2. Description of the Prior Art
Pressed glass articles, e.g., tableware, lenses, glass blocks, white ware and crystal ware, are usually made by placing a charge of heat-softened glass, commonly known as a “gob”, in the cavity of a mold, and then advancing a plunger, under pressure, into the mold. Modern manufacturing processes, which generally enable large quantities of pressed glass articles of precise dimensions to be produced in a relatively short time, usually employ a plurality of molds. The cavities of the molds are charged with gobs of softened glass from a central reservoir, and the gobs are formed into pressed articles by advancing into the molds plungers driven, for example, hydraulically or by air. Typically, automated pressing operations are used. In such operations several molds are mounted on a circular table and rotated step by step to bring each mold, in turn, below a charging device, then to a pressing station and, finally, to a station where the pressed articles are removed from the molds.
Glass is also formed in press and blow machines, such as the H-28 press and blow machine, which used to have twelve stations, but now have eighteen stations. Achieving and maintaining the glass contacting surfaces of press and blow machines is critical to producing quality glassware.
Heretofore, molds, plungers and other glass contacting elements of glass forming equipment have been heated, prior to forming glassware, by depositing gobs of glass on the surfaces and allowing the glass to heat the glass contacting element to a good working temperature. This heating has been augmented, in some cases, with steam or the combustion of natural gas or ethyl acetylene. In glass forming equipment with cast iron glass contacting elements, 600° F. is a good working temperature. More recently, molds, plungers and other glass contacting elements of glass forming equipment have been made from stainless steel which has a much higher working temperature of above 800° F. The prior art reliance on gobs of glass, with or without supplemental heating, made the time required to heat glass contacting elements to a suitable working temperature dependent upon the mass of the glass. Typically, this takes about thirty minutes.
Today, commercial glassware production involves many short, but fast, runs of glassware with intermediate changes in molds and the like. Consequently, today, a higher proportion of glass forming time is required to bring glass contacting elements up to working temperatures. As a result, it is more important than ever to expedite the heating of glass contacting elements of glass forming equipment to a suitable working temperature.
Particularly in automated glass pressing operations, a major consideration has been the need to heat glass contacting elements to a working temperature to prevent formed glass from crizzling due to insufficient working temperature.

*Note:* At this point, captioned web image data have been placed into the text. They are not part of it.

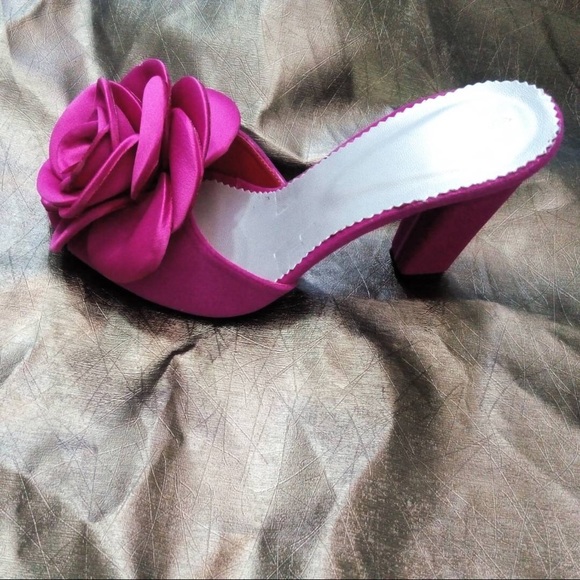 Meet your Posher, Fatou - Picture 1 of 1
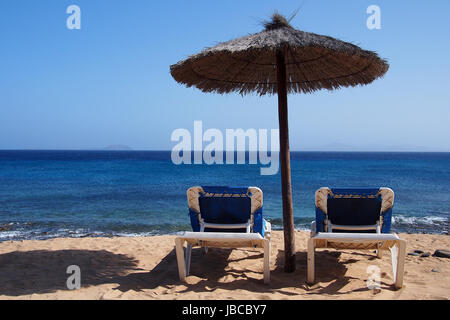 Luogo di relax sulla spiaggia tropicale Foto Stock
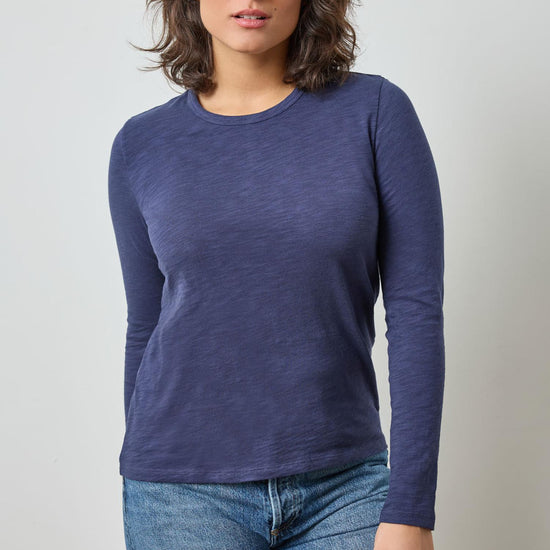 Long Sleeve Crewneck in color Navy Image A3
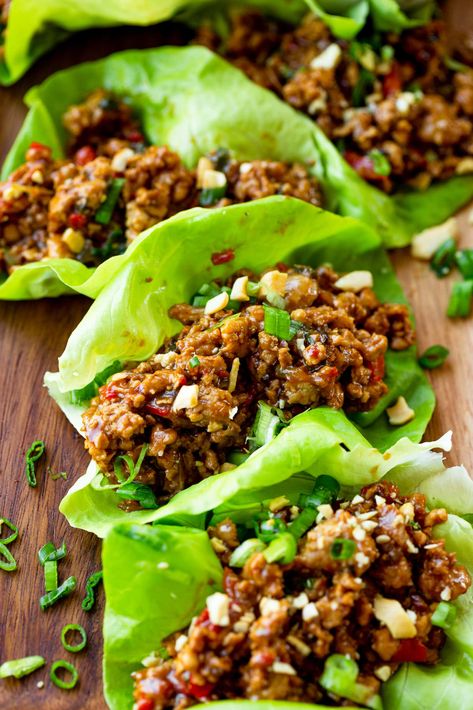 You are going to love this easy turkey lettuce wraps recipe! #lettucewraps #turkeyrecipe #healthyrecipe Turkey Lettuce Wrap Recipes, Thai Lettuce Wraps, Lettuce Wraps Recipe, Turkey Lettuce Wraps, Thai Peanut, Lettuce Wrap Recipes, Easy Turkey, Lettuce Wrap, Beach Meals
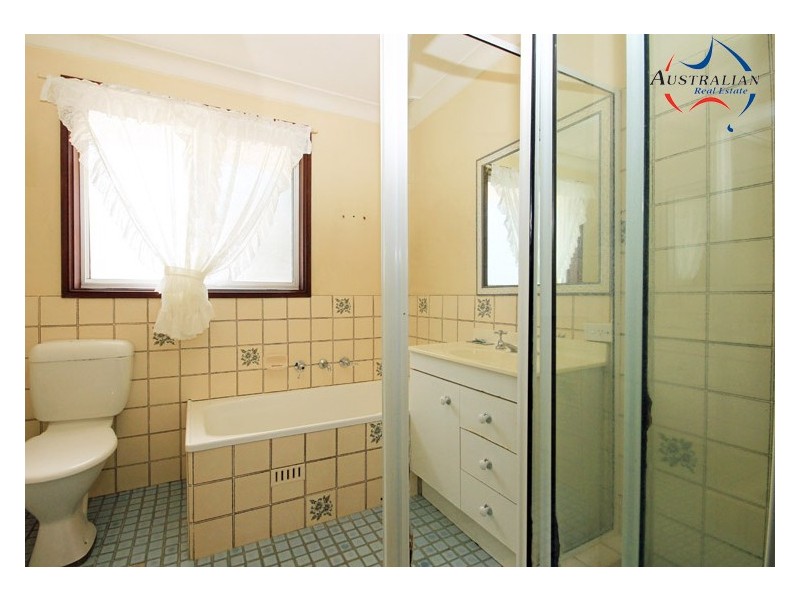 75 Melville Road, St Clair NSW 2759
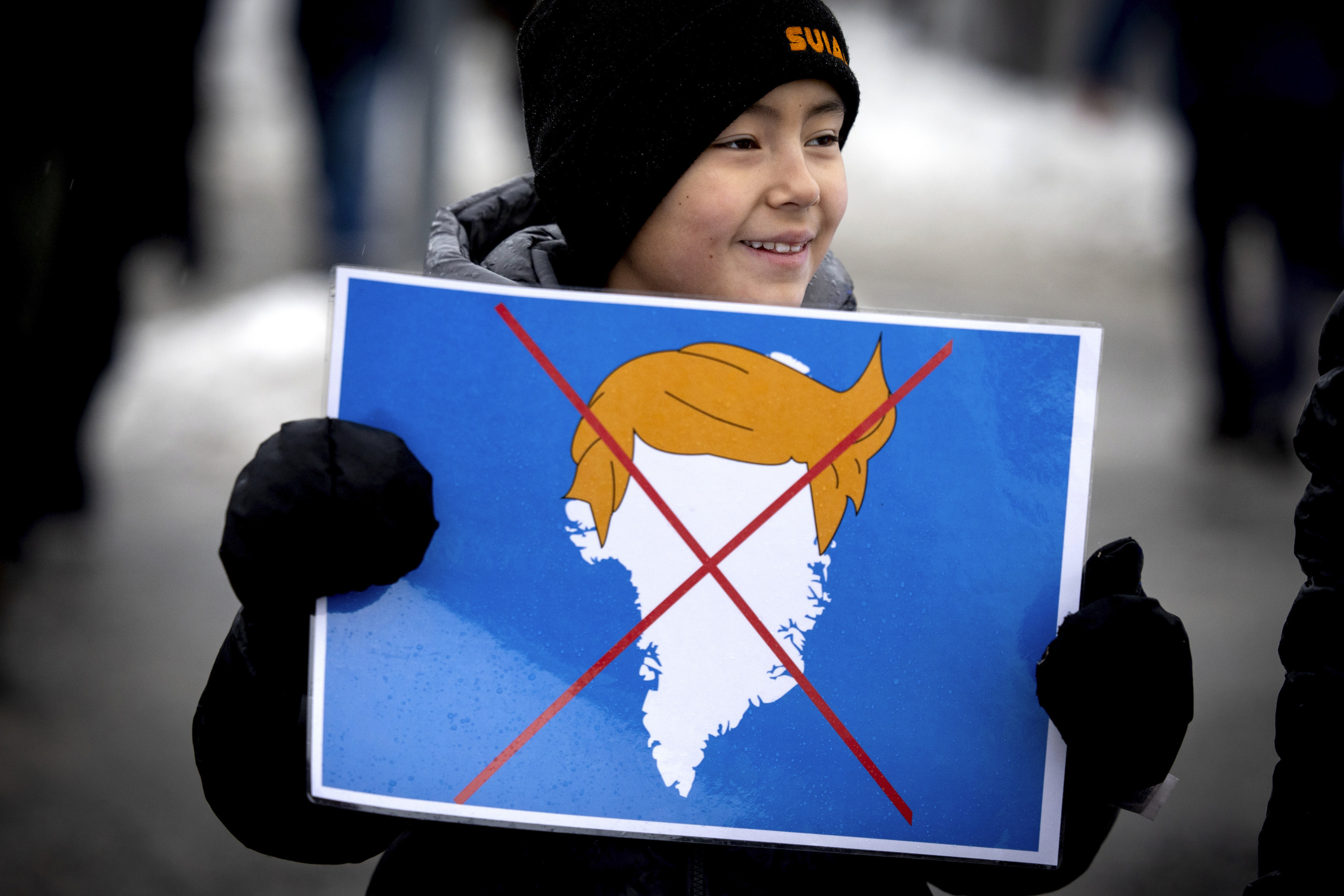Un niño groenlandés sostiene un cartel 'anti-Trump', en Nuuk, en enero.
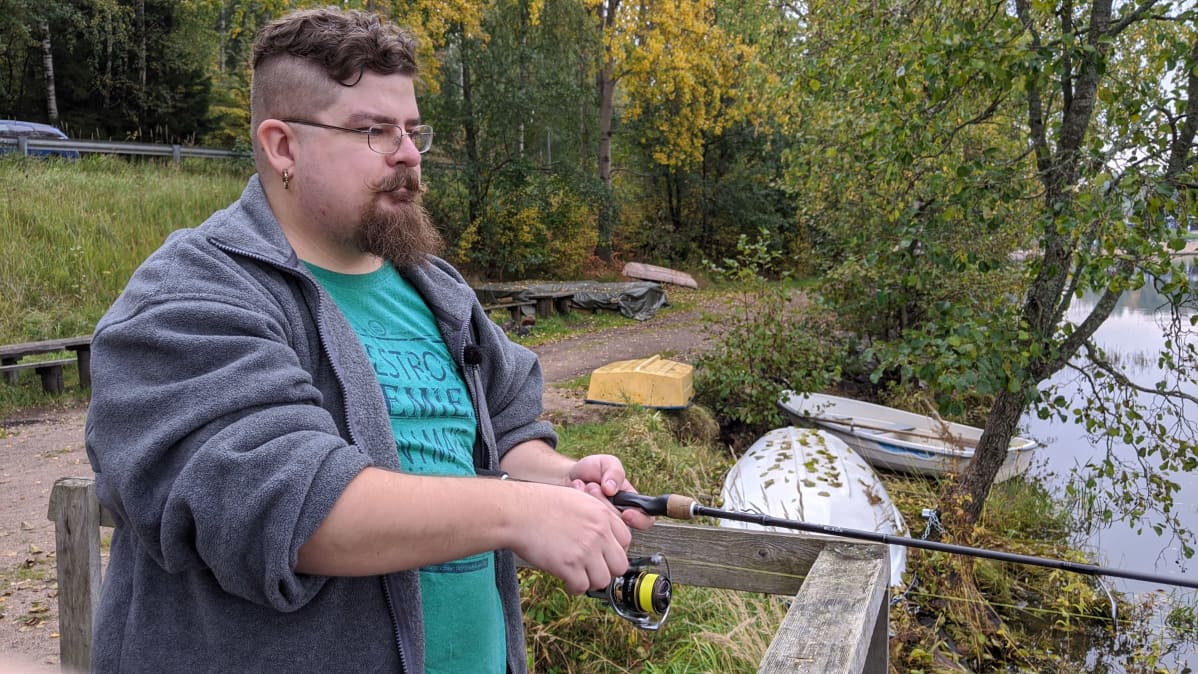 Karri Laitinen harrastaa virkistyskalastusta.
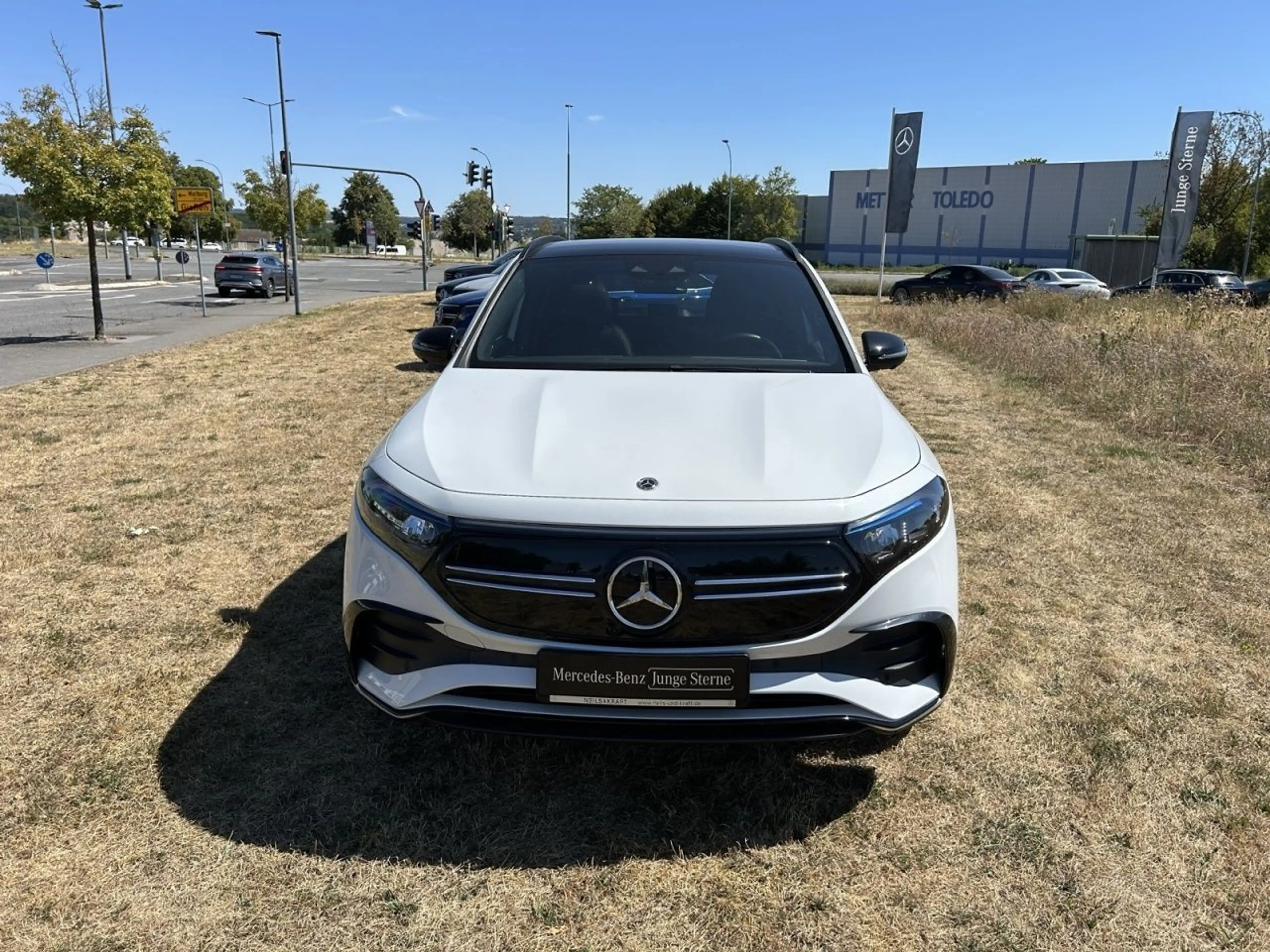 Mercedes-Benz EQA 300 4MATIC AMG+NIGHT+FAHRASSIST+AMBIENTE+360 — photo 3
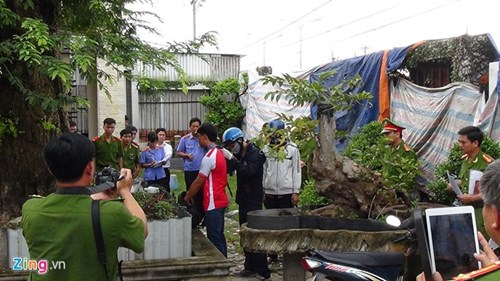 Dương thực nghiệm lại lúc trèo lên tường vào nhà để giết tiếp 5 người. Dương thực nghiệm lại lúc trèo lên tường vào nhà để giết tiếp 5 người.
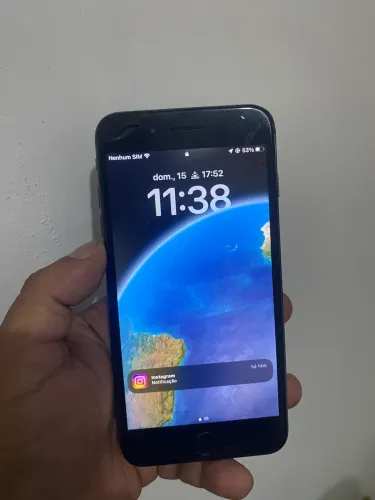 iPhone 8 Plus, tela trincada e saindo de lado, pegando tudo perfeitamente 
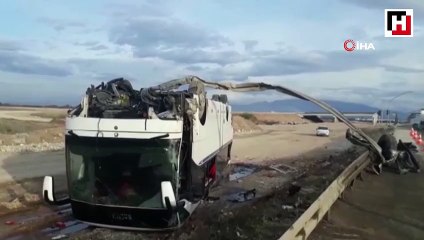 İşçileri taşıyan otobüs otomobille çarpışıp takla attı: 36 yaralı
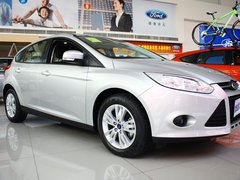 2012款 两厢 1.6L 自动 舒适型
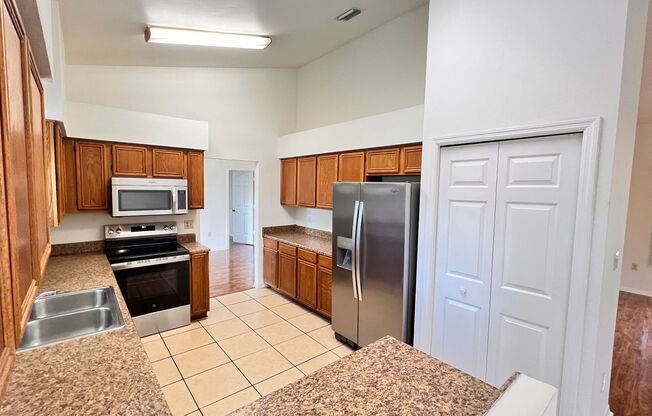 3 beds, 2 baths, $1,999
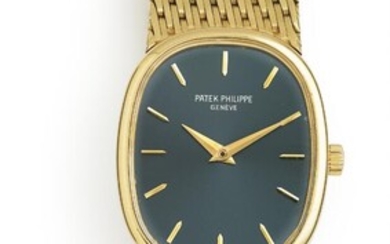 Patek Philippe A wristwatch of 18k gold. Model Ellipse, ref. 4226. Mechanical movement with manual winding, cal. 16–250. Blue dial with gold hour markers and hands. Integrated bracelet of 18k gold with folding clasp. Circumference app. 16 cm...
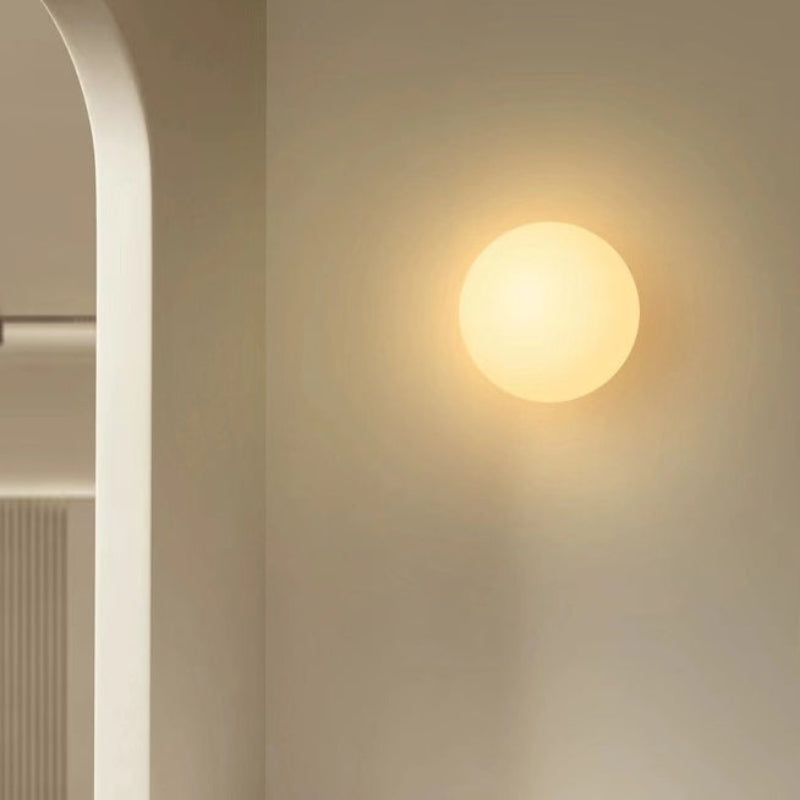 Rund LED væglampe i glaskugle med indbygget diffust lys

If the temperature of the mold or plunger or other glass containing surface is not maintained as a suitable working temperature, for example, 800° F. for stainless steel elements, or is permitted to fall below a suitable working temperature during a run, wrinkles, checks and other imperfections can result in the finished article.
Today, some glass contacting elements are heated by contact with glass gobs and the combustion of a mixture of combustible gases, namely, 75% by volume of MAPP gas, a mixture of methylacetylene, propadiene and propylene, which is commercially available from Petromont of Canada, and 25% by volume of propane. Better heating of glass contact surfaces is needed, however, especially in view of the tendency toward shorter runs and longer downtime while glass contacting elements are brought up to a suitable working temperature according to the prior art.
In glass operations today, the main hydrocarbon used is acetylene gas. Because of the complex chemical attributes of acetylene, hot spots in molds and other glass contacting surfaces and carbon breakdown cause major problems in production runs and air quality standards. Because acetylene is a 100% triple bonded carbon, the release of heat energy and carbon combustion is too abundant for many types of mold compositions.
Furthermore, in today's glass plant operations, the variety of glass items, the variety of mold materials, and the increased short runs makes the requirements for quick mobility and instant operation production very essential. The set point must be attained quickly with a gas flame system.
It is a desideratum of the present invention to avoid the animadversions of the prior art.